Marché public et placement en redressement pendant la consultation
1. Une société en situation de liquidation judiciaire au sens de l’article L.640-1 du Code de commerce ne peut pas soumissionner à un marché public (de même pour une personne physique en faillite personnelle au sens de l’article L.653-2 C. Com.).
En revanche, une société en redressement au sens de l’article L.631-1 C. Com. peut soumissionner à un marché public, dès lors qu’elle justifie avoir été autorisée à poursuivre son activité pendant la durée prévisible du marché (CAA Nancy, 28 novembre 2013, Office public d’habitat Metz Habitat Territoire, req. n° 13NC00967). Le pouvoir adjudicateur doit s’en assurer.
Rappelons également qu’en l’état des dispositions du Code des marchés publics, la société candidate doit également être en mesure de justifier de la régularité de sa situation au plan fiscal et social (art. 46 CMP). Ce sera le cas de celle bénéficiant d’un plan de continuation, mais pas de celle se trouvant en période d’observation – voir sur ce point la lettre de l’ACOSS du 29 avril 2008).
2. Rappelons qu’une société placée en redressement judiciaire a l’obligation d’en informer le pouvoir adjudicateur.
L’article 44 du Code des marchés publics requiert la production de la copie du jugement statuant sur la procédure collective.
Le dissimuler constitue au demeurant une fraude administrative qui autorise le pouvoir adjudicateur à exclure la société en cours de procédure (CE, 8 décembre 1997, Société A 2 IL, req. n° 154715).
3- L’ensemble des règles précitées s’appliquent aux situations de procédure collective ouvertes avant le dépôt des offres.
Par une récente décision (CE, 26 mars 2014, Commune de Chaumont, req. n° 374387), le Conseil d’Etat vient de préciser comment traiter une société faisant l’objet d’une procédure collective en cours de consultation, après le dépôt des offres.
Tout d’abord, l’entreprise concernée a l’obligation d’informer le pouvoir adjudicateur : « dans l’hypothèse où l’entreprise candidate à l’attribution d’un marché public a été placée en redressement judiciaire après la date limite fixée pour le dépôt des offres, elle doit en informer sans délai le pouvoir adjudicateur (…) ».

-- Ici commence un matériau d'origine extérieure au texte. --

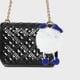 thumbnail image 2 of Accesorios de bolsa de mano de muñeca de dibujos animados de moda, 1 pieza, encantadora, blanca, 2 of 5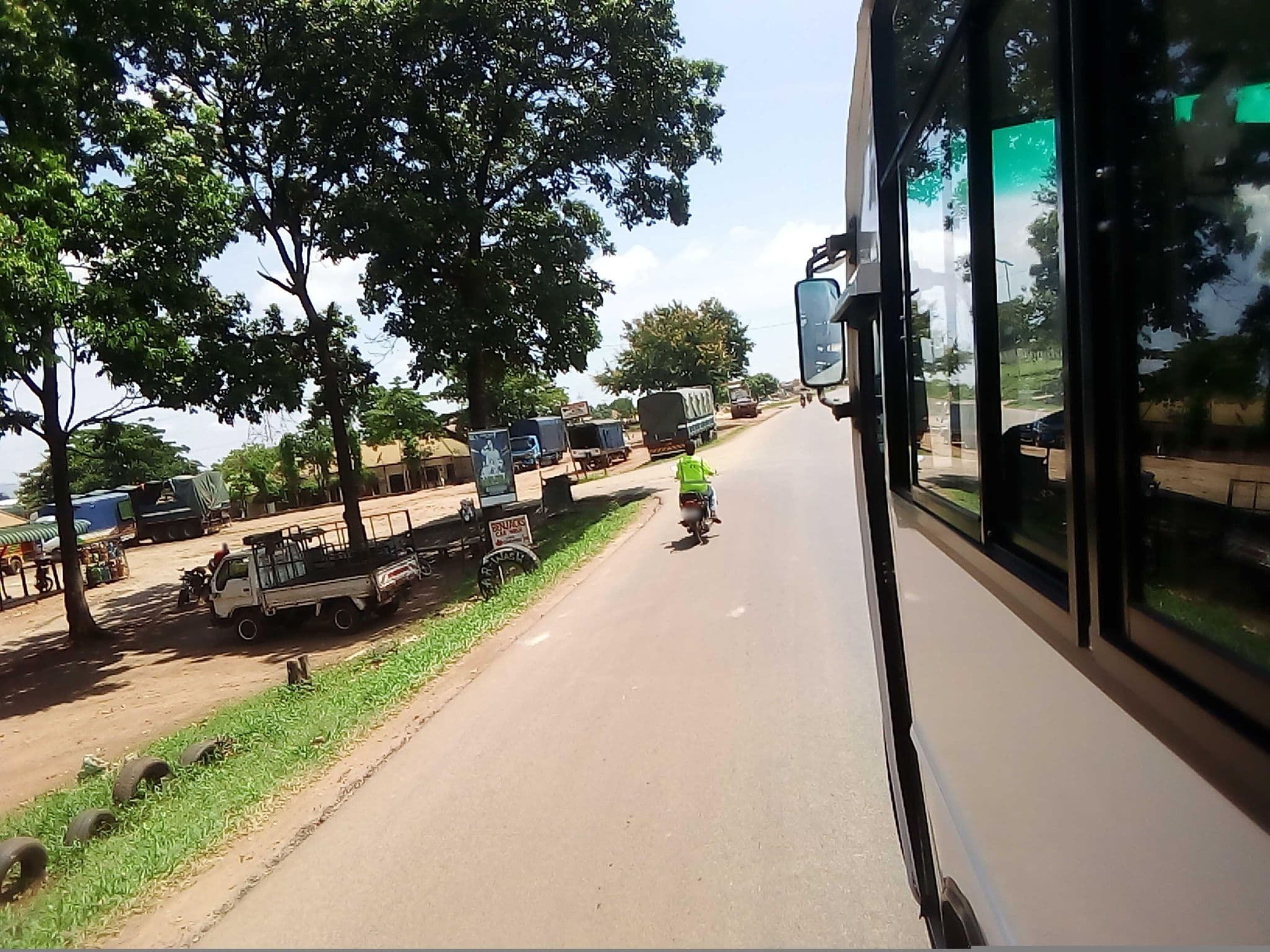 Street view near Rhino Lodge, Morogoro — © Miner47 (CC BY-SA · Mapillary)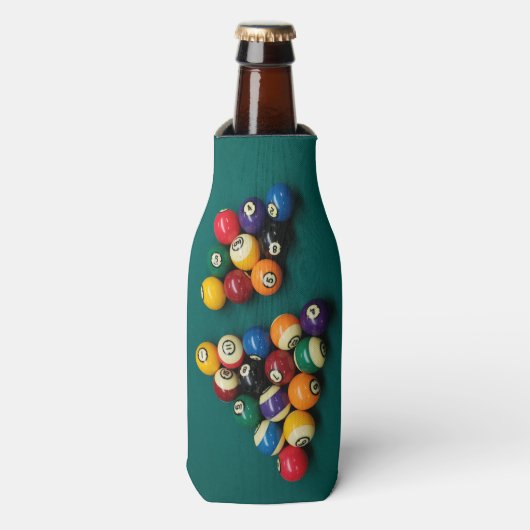 8ball- en 9ball-fleskoeler flesjeskoeler (Fles Voorkant)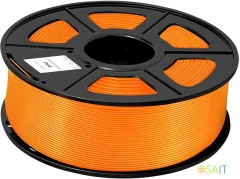 Пластик для принтера 3D Cactus CS-3D-TPU-0.8KG-ORANGE TPU d1.75мм 0.8кг L336м 1цв.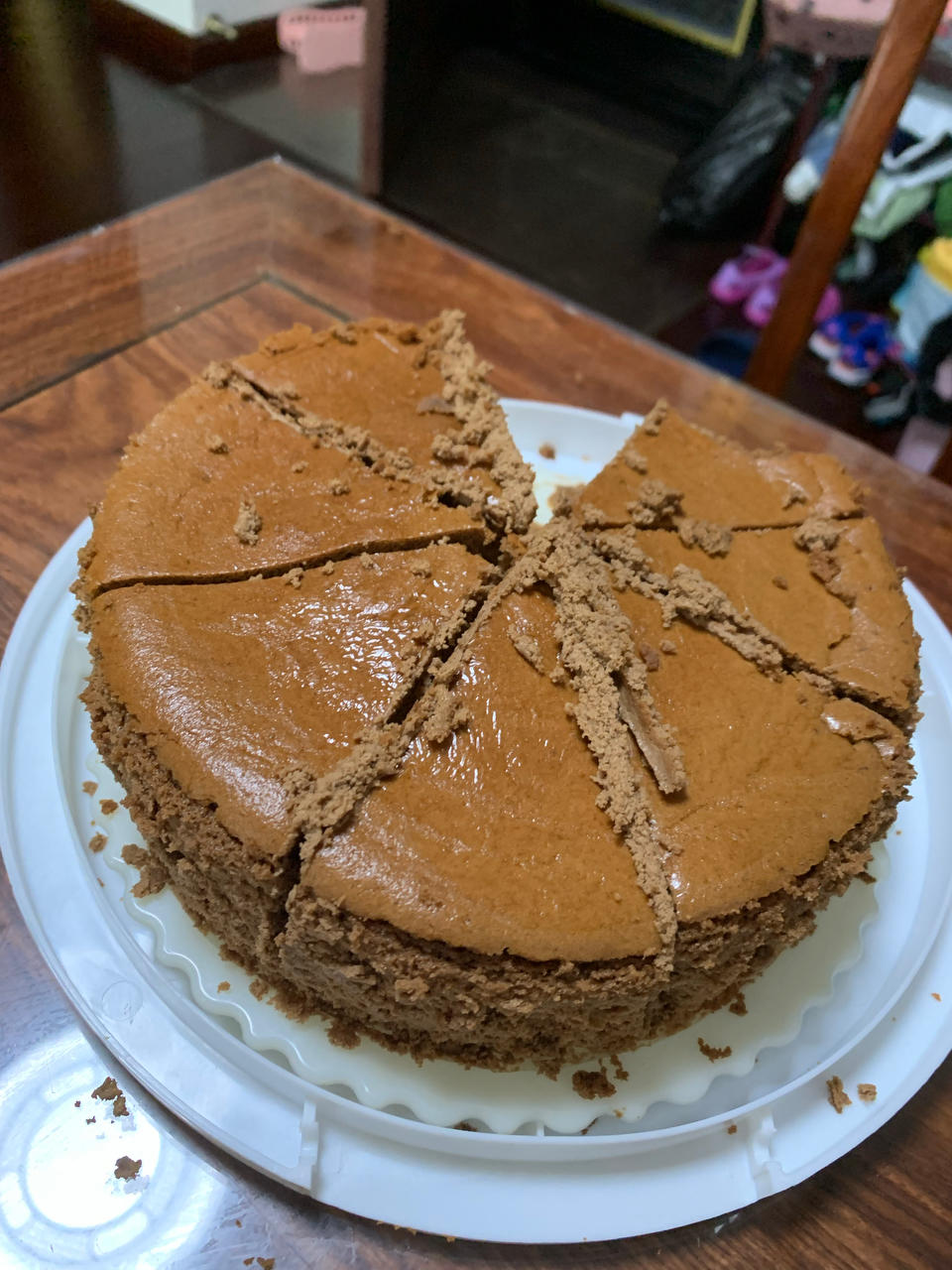 生酮蓬松日式海绵轻芝士——无面粉版（净碳水：1克浓郁细腻组织绵密）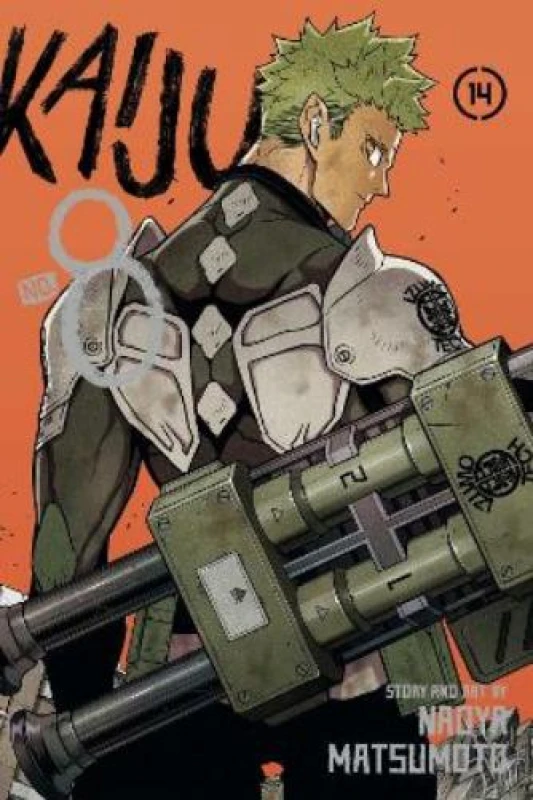 Image of Kaiju No. 8. Volume 14. Paperback. By Naoya Matsumoto Books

Ensuite, le pouvoir adjudicateur informé a l’obligation de procéder aux mêmes vérifications que celles requises si la situation de l’entreprise avait été connue avant (cf. pt. 1 supra) : il « doit alors vérifier si l’entreprise est autorisée à poursuivre son activité au-delà de la durée d’exécution du marché et apprécier si sa candidature reste recevable ».
Si le pouvoir adjudicateur constate que ce n’est pas le cas, il ne peut alors poursuivre la procédure de consultation en cours avec ladite société. Elle doit en être exclue.
4- Le Conseil d’Etat indique, en outre, que si la recevabilité d’un candidat faisant l’objet d’une procédure collective n’a pas été traitée en amont, elle peut être examinée devant le juge.
Ainsi, le Conseil d’Etat confirme que le placement en procédure collective après la date limite de dépôt des offres d’une société candidate à un appel d’offres peut être évoquée devant le juge du référé précontractuel qui doit alors le vérifier.
Le juge du référé doit donc « apprécier si cette candidature est recevable et […] annuler, le cas échéant, la procédure au terme de laquelle l’offre de l’entreprise aurait été retenue par le pouvoir adjudicateur ».
Bien que le Conseil d’Etat ne traite pas ce sujet dans la présente décision rendue en cassation sur un référé précontractuel, on ne voit pas ce qui ferait obstacle à ce que les mêmes principes s’appliquent à l’occasion d’un recours au fond.
5- En conclusion, on ne peut que conseiller aux opérateurs économiques faisant l’objet d’une procédure collective d’informer rapidement les acheteurs publics et d’obtenir parallèlement, si les conditions sont réunies, du tribunal de commerce une décision leur permettant de faire valoir leur candidature au regard de la durée d’un marché escompté.
Parallèlement, les opérateurs économiques ne doivent pas omettre de vérifier si leurs éventuels concurrents font le cas échéant l’objet d’une procédure collective, au risque de se priver légitimement d’un marché public qu’un attributaire ne serait, en réalité, pas capable d’assumer jusqu’à son terme.